--- Exercise data Enclosed Below ---

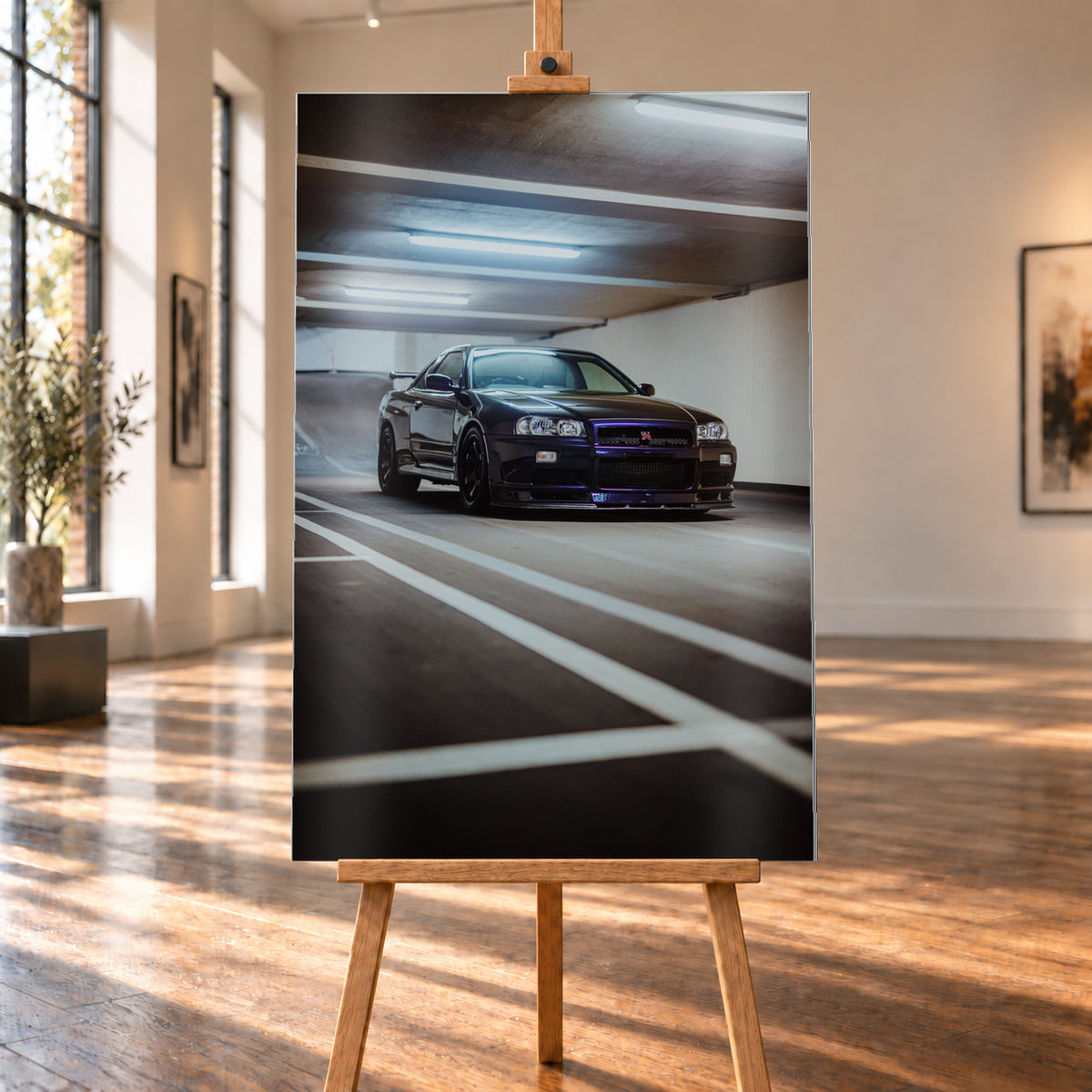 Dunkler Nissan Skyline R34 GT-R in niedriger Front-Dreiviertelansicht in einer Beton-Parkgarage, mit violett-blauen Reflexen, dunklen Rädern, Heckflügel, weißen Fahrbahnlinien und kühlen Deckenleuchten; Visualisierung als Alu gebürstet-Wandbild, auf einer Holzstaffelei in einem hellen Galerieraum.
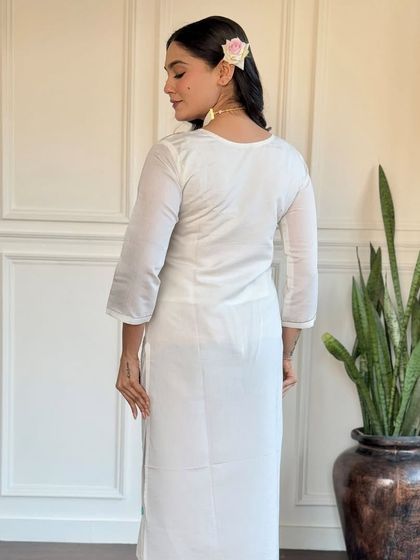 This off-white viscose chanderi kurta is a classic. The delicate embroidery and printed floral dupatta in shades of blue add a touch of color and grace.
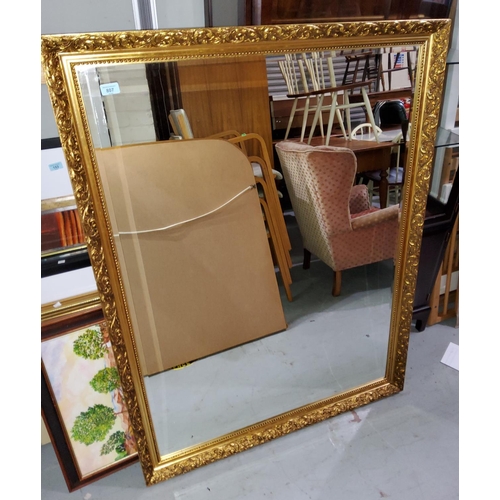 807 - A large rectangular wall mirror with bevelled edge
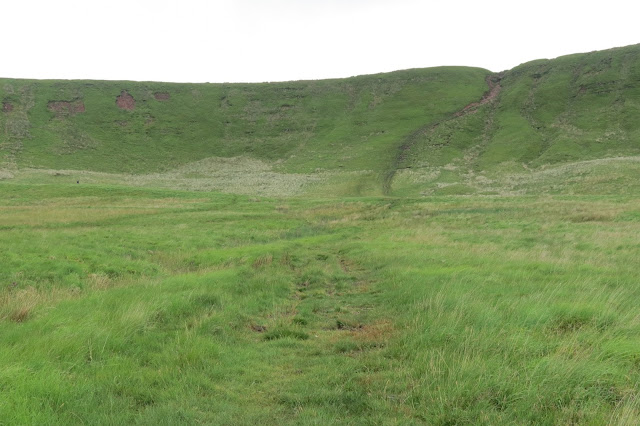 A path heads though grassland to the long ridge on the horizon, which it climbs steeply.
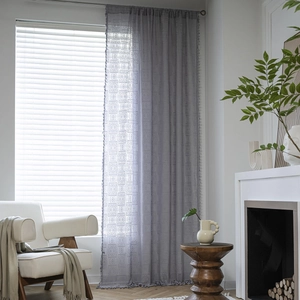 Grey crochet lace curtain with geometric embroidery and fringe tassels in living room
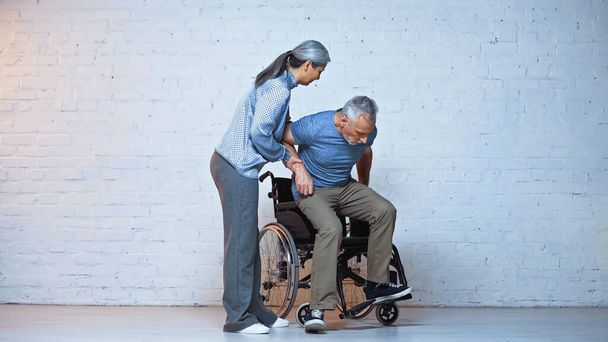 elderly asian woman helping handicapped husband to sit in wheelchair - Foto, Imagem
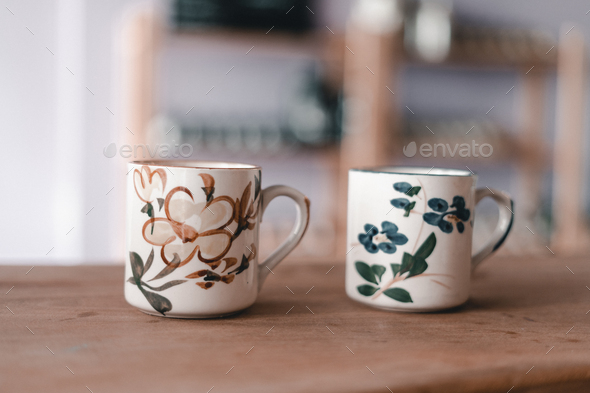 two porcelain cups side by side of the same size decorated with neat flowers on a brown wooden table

--- End of Enclosed Exercise data ---
--- Exercise data Enclosed Below ---

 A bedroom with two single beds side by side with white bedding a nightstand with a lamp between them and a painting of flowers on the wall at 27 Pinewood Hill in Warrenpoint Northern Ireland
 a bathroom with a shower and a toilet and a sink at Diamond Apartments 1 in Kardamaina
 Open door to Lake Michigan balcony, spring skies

--- End of Enclosed Exercise data ---
--- Exercise data Enclosed Below ---

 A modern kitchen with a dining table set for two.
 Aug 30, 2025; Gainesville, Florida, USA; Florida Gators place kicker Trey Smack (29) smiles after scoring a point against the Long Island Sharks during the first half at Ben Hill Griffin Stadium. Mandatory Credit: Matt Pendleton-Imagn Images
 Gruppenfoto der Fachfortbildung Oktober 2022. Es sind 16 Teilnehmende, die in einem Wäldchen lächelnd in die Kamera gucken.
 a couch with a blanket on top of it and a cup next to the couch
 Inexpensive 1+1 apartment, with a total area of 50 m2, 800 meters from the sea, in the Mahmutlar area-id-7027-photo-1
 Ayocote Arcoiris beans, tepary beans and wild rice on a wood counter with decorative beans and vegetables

--- End of Enclosed Exercise data ---

§ Task prompt
In the listing above, find the line containing "Dunkler Nissan Skyline". Output it and every line after it up to and including the line containing "two porcelain cups", exactly, but skip the pictures.

§ Written solution
 Dunkler Nissan Skyline R34 GT-R in niedriger Front-Dreiviertelansicht in einer Beton-Parkgarage, mit violett-blauen Reflexen, dunklen Rädern, Heckflügel, weißen Fahrbahnlinien und kühlen Deckenleuchten; Visualisierung als Alu gebürstet-Wandbild, auf einer Holzstaffelei in einem hellen Galerieraum.
 This off-white viscose chanderi kurta is a classic. The delicate embroidery and printed floral dupatta in shades of blue add a touch of color and grace.
 807 - A large rectangular wall mirror with bevelled edge
 A path heads though grassland to the long ridge on the horizon, which it climbs steeply.
 Grey crochet lace curtain with geometric embroidery and fringe tassels in living room
 elderly asian woman helping handicapped husband to sit in wheelchair - Foto, Imagem
 two porcelain cups side by side of the same size decorated with neat flowers on a brown wooden table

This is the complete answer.